Dataset records:
────────────────────────────────────────
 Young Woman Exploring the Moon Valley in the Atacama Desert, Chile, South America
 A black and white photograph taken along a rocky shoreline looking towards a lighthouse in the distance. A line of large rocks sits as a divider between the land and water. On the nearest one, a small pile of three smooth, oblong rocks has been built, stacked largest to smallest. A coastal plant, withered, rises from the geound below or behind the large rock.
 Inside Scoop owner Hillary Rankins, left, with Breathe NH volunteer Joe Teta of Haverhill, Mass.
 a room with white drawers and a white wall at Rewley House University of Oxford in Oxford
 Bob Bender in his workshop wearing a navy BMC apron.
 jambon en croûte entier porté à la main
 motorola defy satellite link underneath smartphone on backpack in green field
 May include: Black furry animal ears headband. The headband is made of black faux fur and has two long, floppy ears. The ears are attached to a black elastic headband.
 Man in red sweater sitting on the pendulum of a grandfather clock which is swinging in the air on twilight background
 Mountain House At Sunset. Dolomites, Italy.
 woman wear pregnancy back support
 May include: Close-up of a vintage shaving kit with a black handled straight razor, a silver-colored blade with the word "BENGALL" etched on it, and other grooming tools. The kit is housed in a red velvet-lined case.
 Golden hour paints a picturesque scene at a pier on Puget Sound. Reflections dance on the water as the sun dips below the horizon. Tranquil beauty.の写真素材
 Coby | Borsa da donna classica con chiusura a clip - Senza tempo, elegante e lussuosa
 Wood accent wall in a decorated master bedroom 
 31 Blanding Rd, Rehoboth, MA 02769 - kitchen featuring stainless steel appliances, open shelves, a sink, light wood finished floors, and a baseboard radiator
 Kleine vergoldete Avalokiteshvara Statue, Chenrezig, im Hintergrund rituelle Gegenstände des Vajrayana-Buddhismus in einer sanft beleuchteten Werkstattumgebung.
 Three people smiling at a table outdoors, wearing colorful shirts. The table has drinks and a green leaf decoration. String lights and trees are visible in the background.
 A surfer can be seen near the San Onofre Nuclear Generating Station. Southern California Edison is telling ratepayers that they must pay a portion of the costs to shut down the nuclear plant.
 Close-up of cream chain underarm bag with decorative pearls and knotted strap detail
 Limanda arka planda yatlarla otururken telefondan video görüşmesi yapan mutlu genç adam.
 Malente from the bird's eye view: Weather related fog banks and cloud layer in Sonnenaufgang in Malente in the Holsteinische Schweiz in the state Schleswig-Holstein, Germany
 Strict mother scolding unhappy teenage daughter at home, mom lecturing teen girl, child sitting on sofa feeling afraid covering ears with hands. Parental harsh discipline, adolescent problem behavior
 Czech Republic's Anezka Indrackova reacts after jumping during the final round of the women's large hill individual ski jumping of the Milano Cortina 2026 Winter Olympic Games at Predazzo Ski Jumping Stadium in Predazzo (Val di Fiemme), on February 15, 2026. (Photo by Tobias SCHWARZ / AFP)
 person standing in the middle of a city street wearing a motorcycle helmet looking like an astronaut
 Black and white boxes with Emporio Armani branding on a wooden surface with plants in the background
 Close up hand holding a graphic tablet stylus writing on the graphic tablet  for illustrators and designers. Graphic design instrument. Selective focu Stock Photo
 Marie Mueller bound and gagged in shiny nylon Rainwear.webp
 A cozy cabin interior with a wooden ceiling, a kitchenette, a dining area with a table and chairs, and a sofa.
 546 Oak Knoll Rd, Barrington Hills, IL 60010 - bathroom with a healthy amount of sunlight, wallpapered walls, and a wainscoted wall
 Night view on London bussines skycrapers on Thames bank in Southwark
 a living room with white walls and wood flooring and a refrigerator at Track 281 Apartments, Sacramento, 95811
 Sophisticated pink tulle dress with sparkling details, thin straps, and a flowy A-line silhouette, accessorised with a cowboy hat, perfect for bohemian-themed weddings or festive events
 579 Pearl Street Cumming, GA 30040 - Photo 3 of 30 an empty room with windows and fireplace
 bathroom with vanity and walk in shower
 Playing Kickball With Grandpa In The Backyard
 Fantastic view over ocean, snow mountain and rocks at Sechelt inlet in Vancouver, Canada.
────────────────────────────────────────
Your task: Search the material above for lines containing the string "water", then pull them out.

Answer to this task:
 A black and white photograph taken along a rocky shoreline looking towards a lighthouse in the distance. A line of large rocks sits as a divider between the land and water. On the nearest one, a small pile of three smooth, oblong rocks has been built, stacked largest to smallest. A coastal plant, withered, rises from the geound below or behind the large rock.
 Golden hour paints a picturesque scene at a pier on Puget Sound. Reflections dance on the water as the sun dips below the horizon. Tranquil beauty.の写真素材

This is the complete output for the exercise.